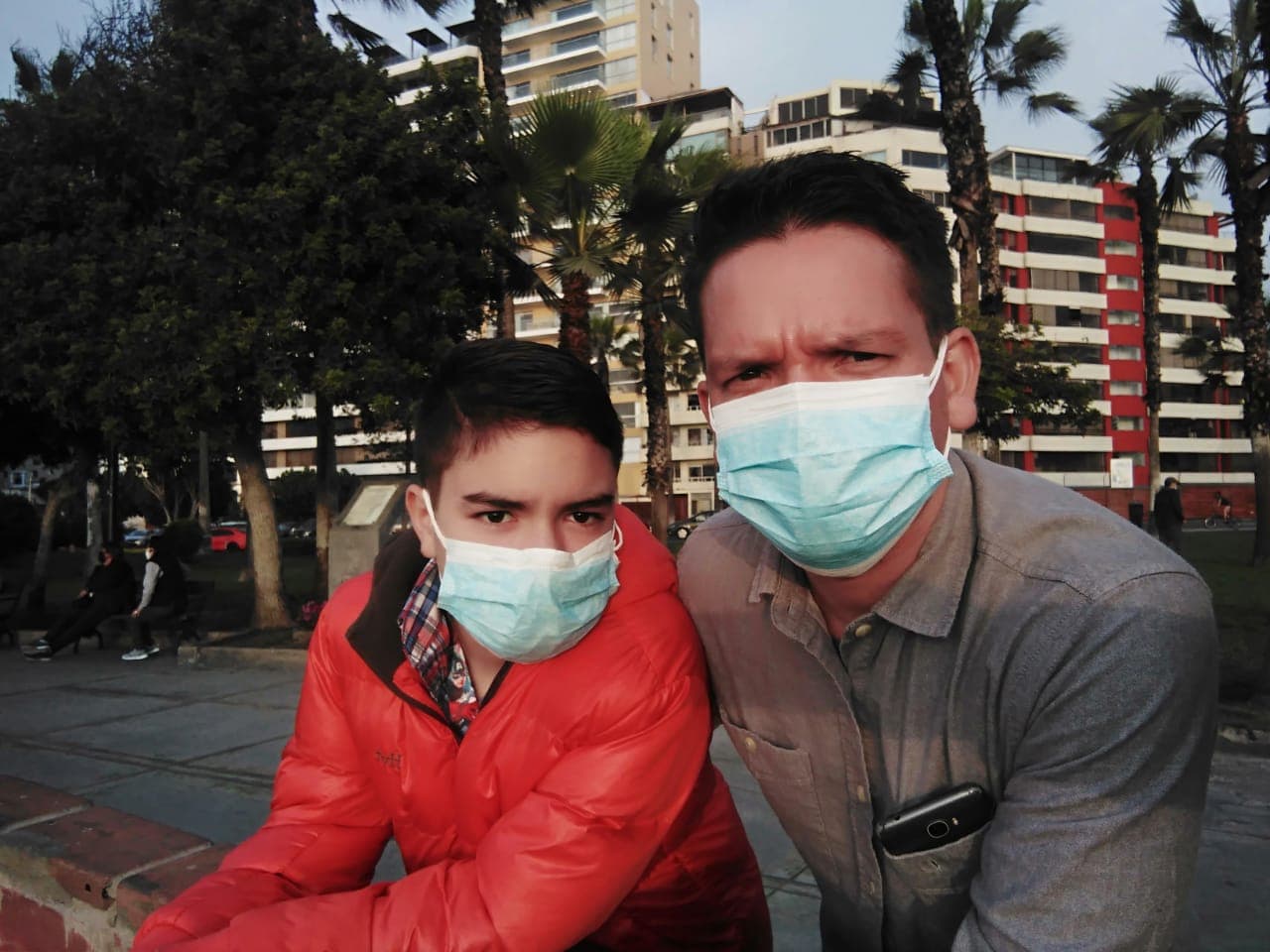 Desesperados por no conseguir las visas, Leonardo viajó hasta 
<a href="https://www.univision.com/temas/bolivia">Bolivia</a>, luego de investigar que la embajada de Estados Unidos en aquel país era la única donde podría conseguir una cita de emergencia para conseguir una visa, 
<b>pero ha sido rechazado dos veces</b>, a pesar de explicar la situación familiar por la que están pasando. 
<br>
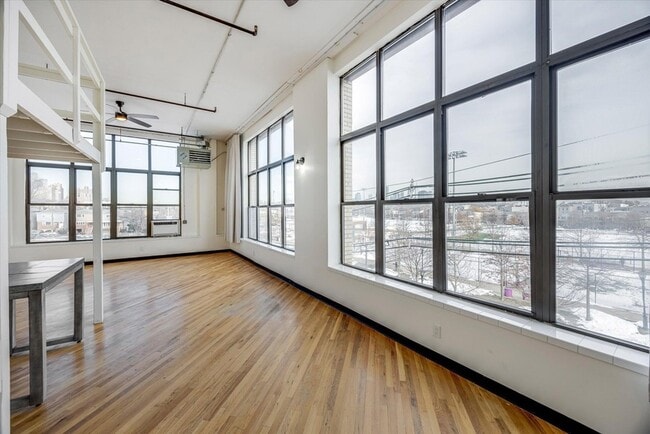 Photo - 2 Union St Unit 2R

****************

Exact wording is required throughout: write out all the records, but no pictures.

 Desesperados por no conseguir las visas, Leonardo viajó hasta 
<a href="https://www.univision.com/temas/bolivia">Bolivia</a>, luego de investigar que la embajada de Estados Unidos en aquel país era la única donde podría conseguir una cita de emergencia para conseguir una visa, 
<b>pero ha sido rechazado dos veces</b>, a pesar de explicar la situación familiar por la que están pasando. 
<br>
 Photo - 2 Union St Unit 2R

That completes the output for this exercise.